**INPUT DATA**
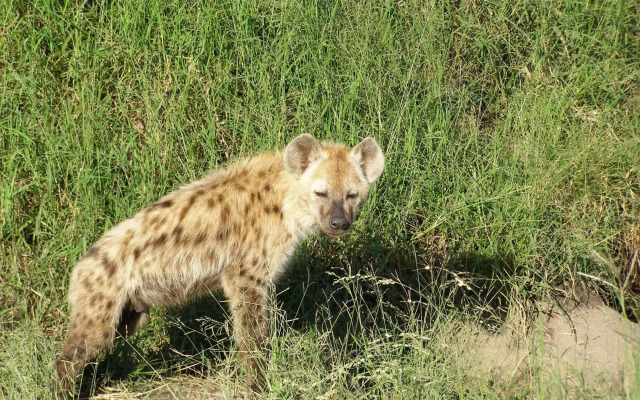 Simbambili Game Lodge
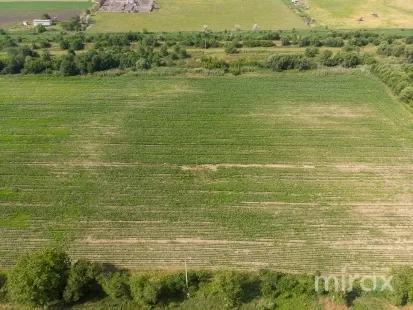 or. Sângera, Chișinău, Moldova image 225310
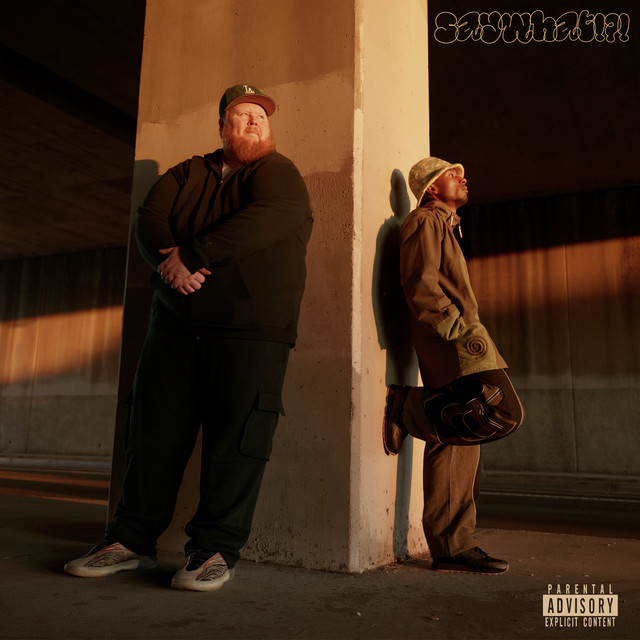 Saywhat!?! cover art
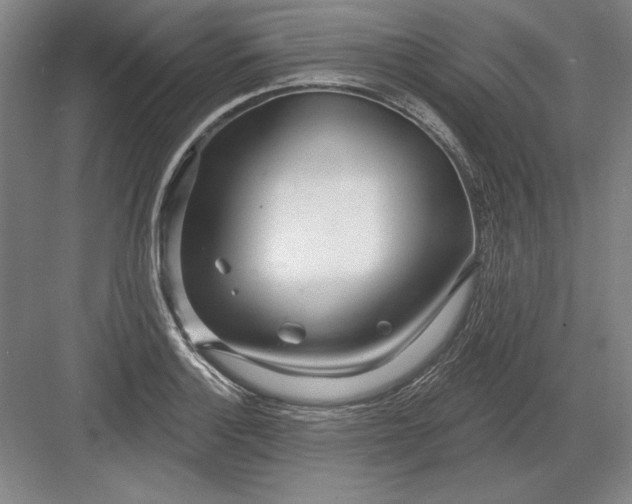 X0000082981132200702152351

**WORK TO COMPLETE**
Only the lines from the one with "or. Sângera, Chișinău, Moldova image 225310" through the end of the listing should be transcribed, exactly and without pictures.

**EXERCISE OUTPUT**
 or. Sângera, Chișinău, Moldova image 225310
 Saywhat!?! cover art
 X0000082981132200702152351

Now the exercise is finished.